DENPASAR – Setelah Gubernur Bali Wayan Koster meminta proyek reklamasi Pelabuhan Benoa dihentikan, langkah serupa dilakukan DPRD Bali,
Majelis Utama Desa Adat (MUDA), Parisada Hindu Darma Indonesia (PHDI) Provinsi Bali, dan Forum Kerukunan Umat Beragama (FKUB) Bali melakukan langkah serupa.
Mereka menyatakan sepakat menghentikan reklamasi yang dilakukan oleh PT Pelabuhan Indonesia (Pelindo) III di kawasan Pelabuhan Benoa.
DPRD Bali mengirim surat dukungan kepada gubernur Bali Wayan Koster dengan surat nomor : 091.1/2692/DPRD perihal dukungan penghentian kegiatan reklamasi.
Secara rinci, DPRD Bali memberikan sejumlah alasan mendukung Gubernur Wayan Koster menghentikan proyek reklamasi perluasan Pelabuhan Benoa.

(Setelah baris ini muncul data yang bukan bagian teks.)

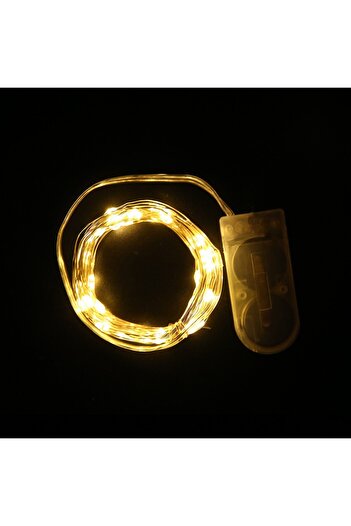Flippy Christmas Light Installation, 5 meters, 50 LEDs, Warm White, with batteries, copper wire, linear, in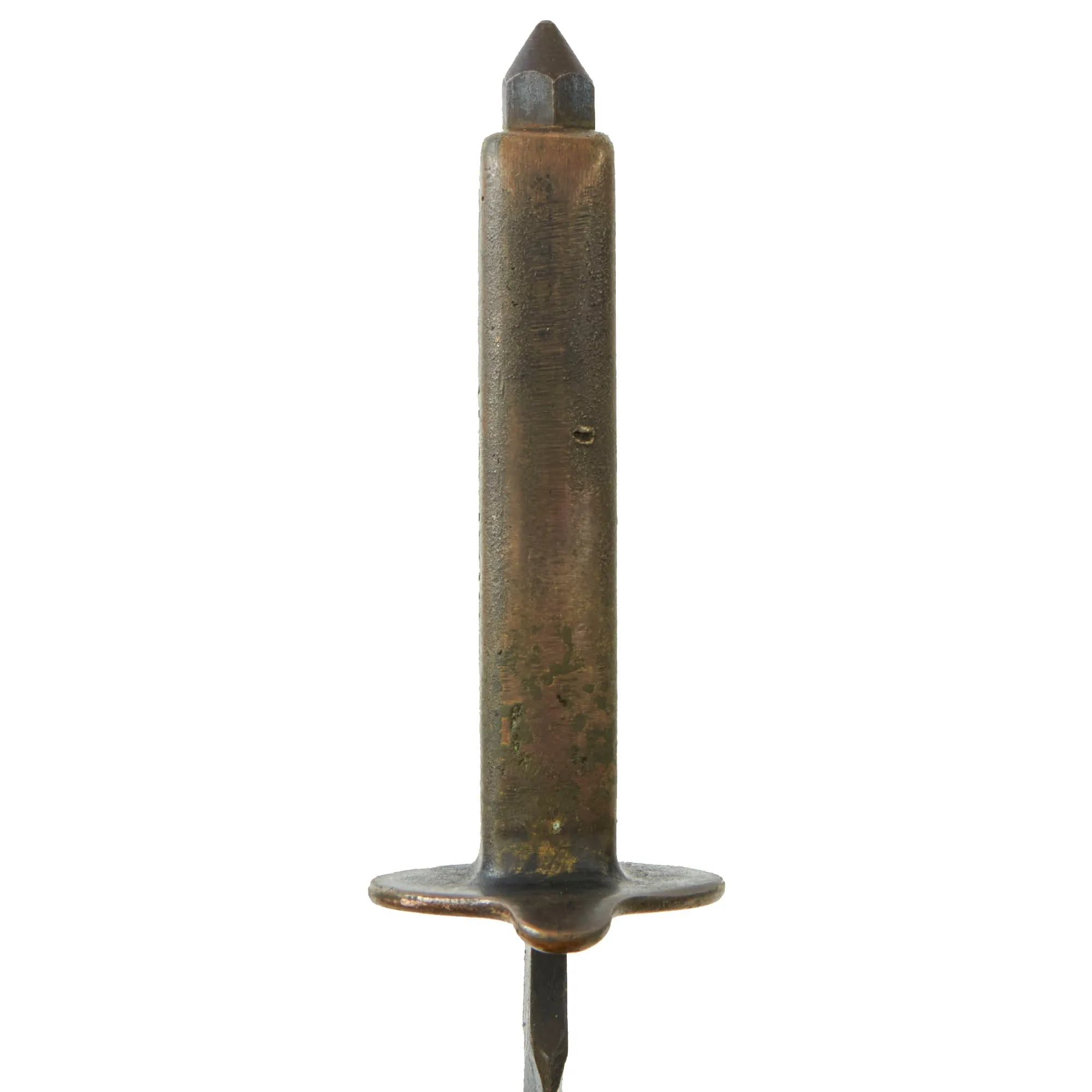 Original Excellent U.S. WWI Model 1918 Mark I Trench Knife by L. F. & C. with 1918 dated Steel Scabbard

1. Bahwa pengembangan kawasan Pelabuhan Benoa mengakibatkan rusaknya lingkungan serta kematian vegetasi hutan mangrove beserta ekosistem serta terganggunya wilayah yang disucikan dan hilangnya keindahan alam di kawasan perairan Teluk Benoa.
Bahwa dampak pelaksanaan pengembangan kawasan Pelabuhan Benoa dimaksud tidak sesuai visi daerah Bali Nangun Sat Kerthi Loka Bali melalui pola pembangunan semesta
berencana menuju Bali era baru yang mengandung makna “menjaga kesucian dan keharmonisan alam Bali beserta isinya, untuk mewujudkan kehidupan karma Bali yang sejahtera dan bahagia sekala niskala.
2. Memperhatikan poin 1 dan 2 maka DPRD Provinsi Bali mendukung Gubernur Bali terhadap penghentian kegiatan reklamasi
pelaksanaan pengembangan kawasan Pelabuhan Benoa, serta langkah-langkah perbaikan sebagai akibat dampak pengembangan dimaksud.
Selain itu, kesepakatan ketiga lembaga MUDA, PHDI, dan FKUB untuk menghentikan reklamasi di Tanjung Benoa ini disampaikan dalam konferensi press dengan awak media di Sekretariat MUDA, Kantor Dinas Kebudayaan Bali Lantai II, pada Senin (26/8)
“Saya mewakili FKUB, ada enam agama yang saya wakili di Bali dan sebagai Bendesa Agung dan atas nama masyarakat desa adat Provinsi Bali,
kami sangat mendukung surat yang dikeluarkan Gubernur Bali Wayan Koster untuk menghentikan reklmasi,” kata Bendesa Agung MUDA yang juga ketua Umum Asosiasi FKUB Indonesia, Ida Pengelingsir Agung Putra Sukahet.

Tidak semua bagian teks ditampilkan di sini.